● Task goal: With the pictures left out, please return exactly the line holding "So, more commands." and each following line until the entries end.

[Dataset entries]
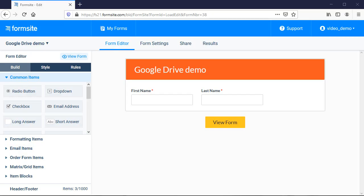Hi, this is Billy from FormSight and here I'll show you how to set up the Google Drive integration. The Google Drive integration allows you to send files from your form to your Google Drive account when the form is submitted.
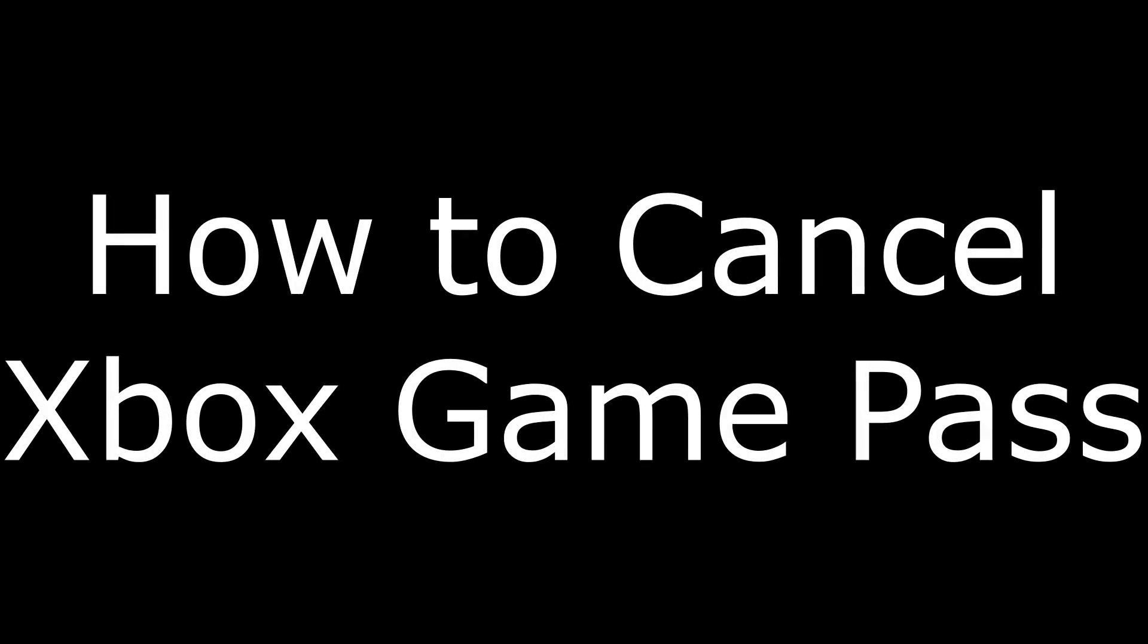Hey everyone. I'm Max Dalton, and in this video I'm going to show you how to cancel Xbox Game Pass.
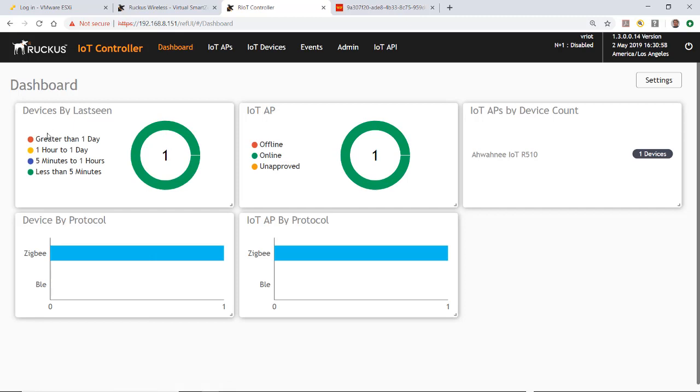You notice that red means it's greater than a day since this lock has been operated. If it's orange, it's one hour to one day. Blue means five minutes to one hour, and green means less than five minutes. It's a little bit of a barometer to tell you what's going on.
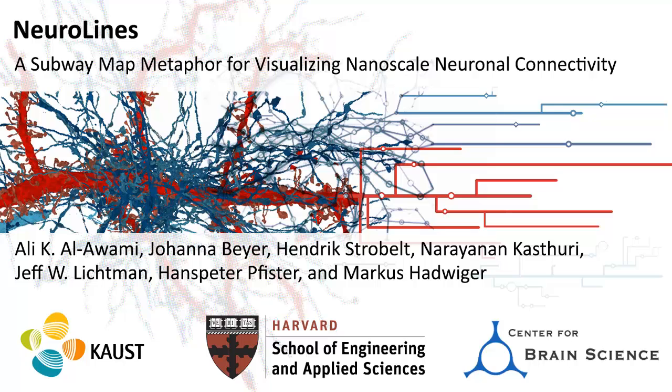In this video, we present Neuralines, a subway map metaphor for visualizing nanoscale neuronal connectivity.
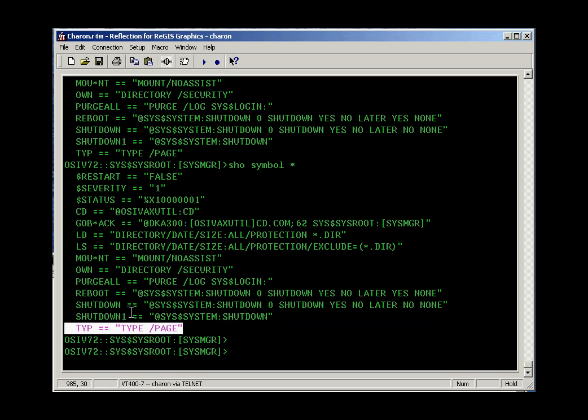So, more commands. In a moment we'll come back and continue with more review of VMS.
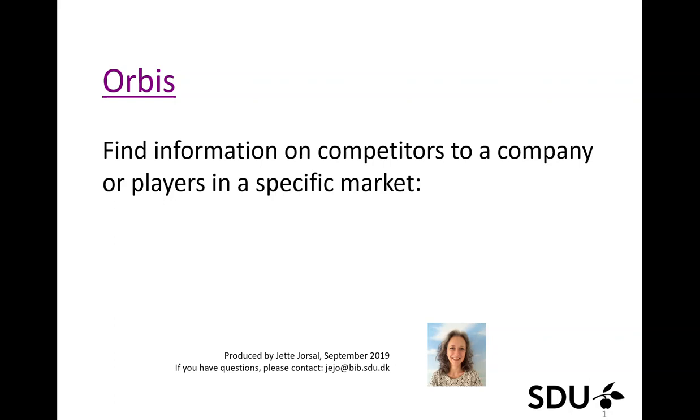Hi, my name is Edi Djosen and I'm a librarian at SDUB. I would like to tell you about the database Orbis and how you can find competitors to a specific company.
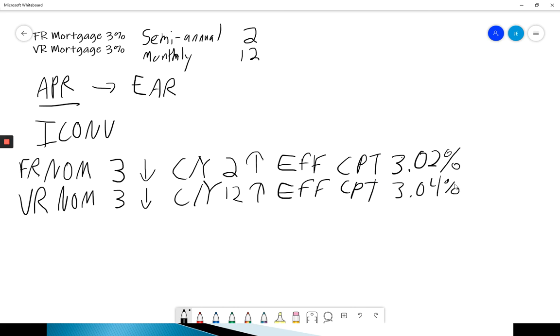So not a huge difference, but we do see that a variable rate mortgage is actually slightly more expensive than a fixed rate mortgage of the same dollar value.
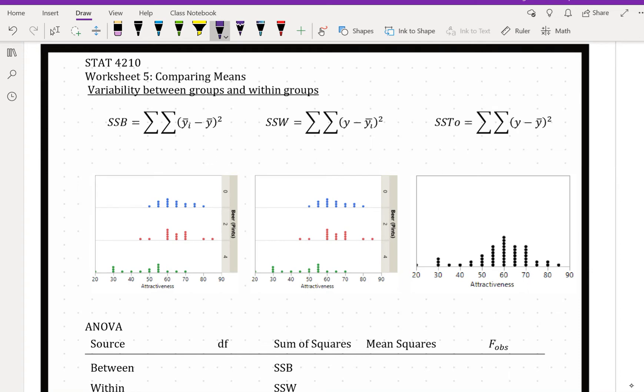So how does the F-test work? It works the same way that it did in regression, by breaking out the total variability into that which we can explain by using our explanatory variable, and that which is left unexplained even after using our explanatory variable. So let's look at its components. We've got variability between groups and variability that's left over within groups.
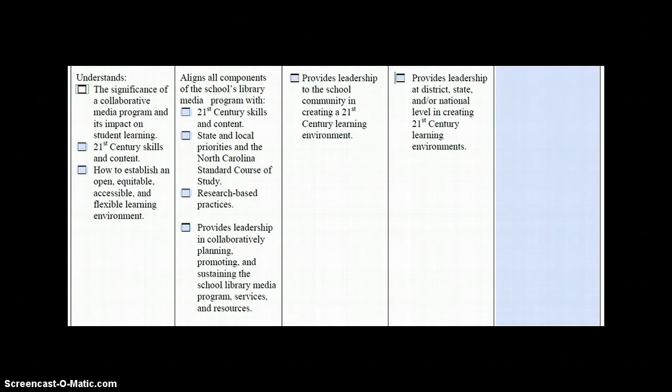Something to note about the rubric is that when using it to record observations and evidences, you do not have to move from left to right on the rubric. For observations and evidences, the evaluator marks all performance descriptors that are observed or evident in any of the columns.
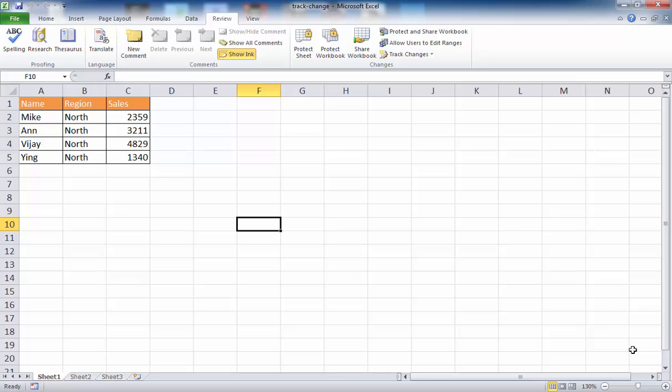In this video I'm going to cover the Track Changes feature in Excel. If you've worked in Microsoft Word, you may already be familiar with the Track Changes feature. The Track Changes feature in Excel, although different, is similar. I'll go ahead and cover how you can do that.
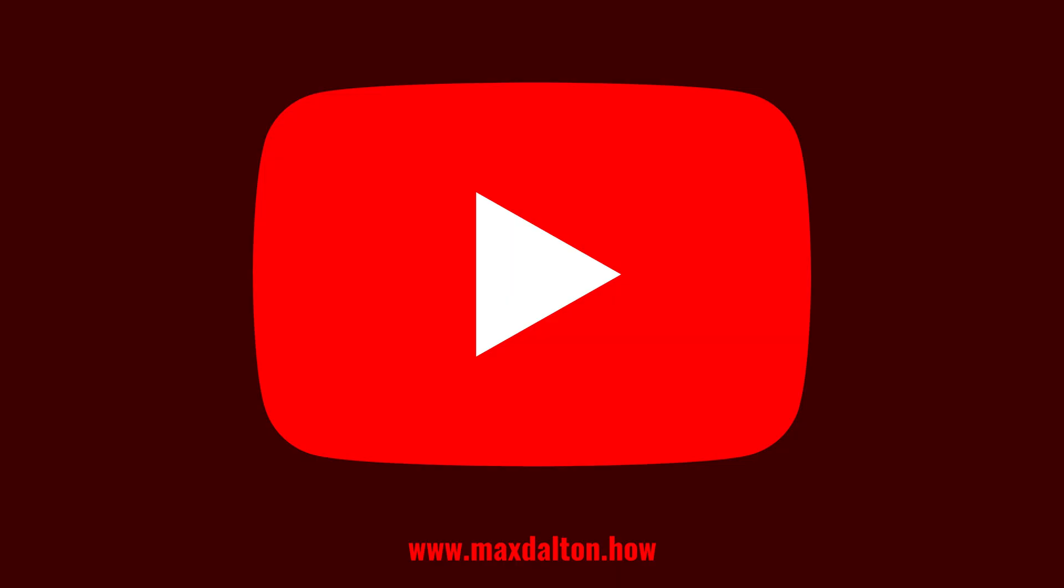If you liked what you saw here, click the video links on the right side of the screen to check out another video, or click the logo on the left side of the screen to check out my tutorial website at www.maxdalton.how.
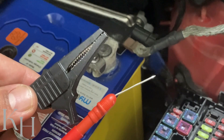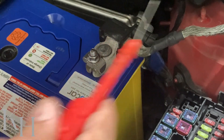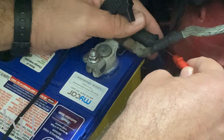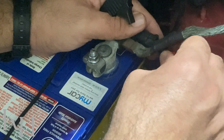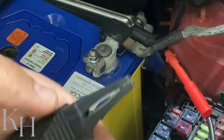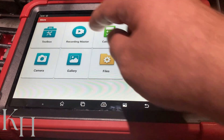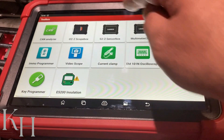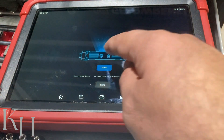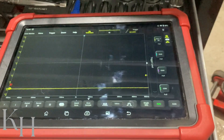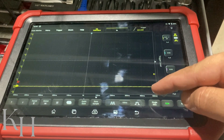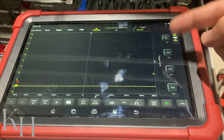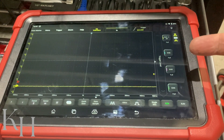On the oscilloscope I have the probe connected to the LIN bus wire and the other lead on a good ground. Let's select the scope and look at the waveform. As you can see, we are getting a waveform but it's almost zero — there is nothing coming through. This means the entire LIN bus is completely down.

● Task answer:
So, more commands. In a moment we'll come back and continue with more review of VMS.
Hi, my name is Edi Djosen and I'm a librarian at SDUB. I would like to tell you about the database Orbis and how you can find competitors to a specific company.
So not a huge difference, but we do see that a variable rate mortgage is actually slightly more expensive than a fixed rate mortgage of the same dollar value.
So how does the F-test work? It works the same way that it did in regression, by breaking out the total variability into that which we can explain by using our explanatory variable, and that which is left unexplained even after using our explanatory variable. So let's look at its components. We've got variability between groups and variability that's left over within groups.
Something to note about the rubric is that when using it to record observations and evidences, you do not have to move from left to right on the rubric. For observations and evidences, the evaluator marks all performance descriptors that are observed or evident in any of the columns.
In this video I'm going to cover the Track Changes feature in Excel. If you've worked in Microsoft Word, you may already be familiar with the Track Changes feature. The Track Changes feature in Excel, although different, is similar. I'll go ahead and cover how you can do that.
If you liked what you saw here, click the video links on the right side of the screen to check out another video, or click the logo on the left side of the screen to check out my tutorial website at www.maxdalton.how.
On the oscilloscope I have the probe connected to the LIN bus wire and the other lead on a good ground. Let's select the scope and look at the waveform. As you can see, we are getting a waveform but it's almost zero — there is nothing coming through. This means the entire LIN bus is completely down.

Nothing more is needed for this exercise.